Only some lines are wanted. Transcribe, exactly, the lines below from the line with "Goose Feather Table Lamp" up to and including the line with "Alljährlich im August".
Raw data Start Marker
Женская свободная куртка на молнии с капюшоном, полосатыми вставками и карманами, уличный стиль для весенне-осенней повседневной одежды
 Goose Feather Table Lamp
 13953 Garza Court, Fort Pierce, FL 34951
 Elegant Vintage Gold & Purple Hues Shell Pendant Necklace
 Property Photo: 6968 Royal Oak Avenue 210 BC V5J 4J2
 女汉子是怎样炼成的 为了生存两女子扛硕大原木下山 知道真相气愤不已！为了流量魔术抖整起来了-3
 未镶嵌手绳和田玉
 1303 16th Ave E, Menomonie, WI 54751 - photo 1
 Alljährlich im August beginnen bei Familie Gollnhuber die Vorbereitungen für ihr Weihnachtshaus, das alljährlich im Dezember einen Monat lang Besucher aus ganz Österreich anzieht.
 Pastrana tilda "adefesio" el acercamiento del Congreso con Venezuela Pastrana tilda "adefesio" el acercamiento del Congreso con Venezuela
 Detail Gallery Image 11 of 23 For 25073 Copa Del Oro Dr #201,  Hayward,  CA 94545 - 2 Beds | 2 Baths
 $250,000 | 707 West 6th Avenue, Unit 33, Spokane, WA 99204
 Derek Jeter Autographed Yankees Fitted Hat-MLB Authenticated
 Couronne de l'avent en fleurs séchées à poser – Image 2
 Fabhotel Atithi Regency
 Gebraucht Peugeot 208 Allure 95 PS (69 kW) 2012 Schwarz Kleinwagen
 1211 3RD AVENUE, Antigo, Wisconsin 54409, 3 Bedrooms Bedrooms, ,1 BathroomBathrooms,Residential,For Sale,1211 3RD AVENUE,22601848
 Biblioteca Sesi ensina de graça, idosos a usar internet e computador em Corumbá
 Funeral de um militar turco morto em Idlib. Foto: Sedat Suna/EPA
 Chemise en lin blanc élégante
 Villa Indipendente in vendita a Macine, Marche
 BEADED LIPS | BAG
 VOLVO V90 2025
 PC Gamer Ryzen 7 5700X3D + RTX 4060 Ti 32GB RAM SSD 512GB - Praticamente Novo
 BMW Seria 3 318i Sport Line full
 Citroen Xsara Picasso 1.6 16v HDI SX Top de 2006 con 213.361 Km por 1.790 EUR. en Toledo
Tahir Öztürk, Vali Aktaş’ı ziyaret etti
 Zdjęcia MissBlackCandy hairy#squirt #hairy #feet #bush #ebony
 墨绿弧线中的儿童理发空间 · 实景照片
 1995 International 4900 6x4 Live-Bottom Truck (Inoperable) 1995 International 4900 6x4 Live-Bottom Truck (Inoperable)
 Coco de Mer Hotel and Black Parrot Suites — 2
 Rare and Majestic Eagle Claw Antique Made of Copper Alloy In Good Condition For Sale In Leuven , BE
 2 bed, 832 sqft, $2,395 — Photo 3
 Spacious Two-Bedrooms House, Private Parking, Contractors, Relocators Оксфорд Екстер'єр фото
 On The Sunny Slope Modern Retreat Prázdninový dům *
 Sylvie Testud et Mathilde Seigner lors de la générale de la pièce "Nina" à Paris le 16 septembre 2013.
Raw data End Marker
:: Written answer ::
 Goose Feather Table Lamp
 13953 Garza Court, Fort Pierce, FL 34951
 Elegant Vintage Gold & Purple Hues Shell Pendant Necklace
 Property Photo: 6968 Royal Oak Avenue 210 BC V5J 4J2
 女汉子是怎样炼成的 为了生存两女子扛硕大原木下山 知道真相气愤不已！为了流量魔术抖整起来了-3
 未镶嵌手绳和田玉
 1303 16th Ave E, Menomonie, WI 54751 - photo 1
 Alljährlich im August beginnen bei Familie Gollnhuber die Vorbereitungen für ihr Weihnachtshaus, das alljährlich im Dezember einen Monat lang Besucher aus ganz Österreich anzieht.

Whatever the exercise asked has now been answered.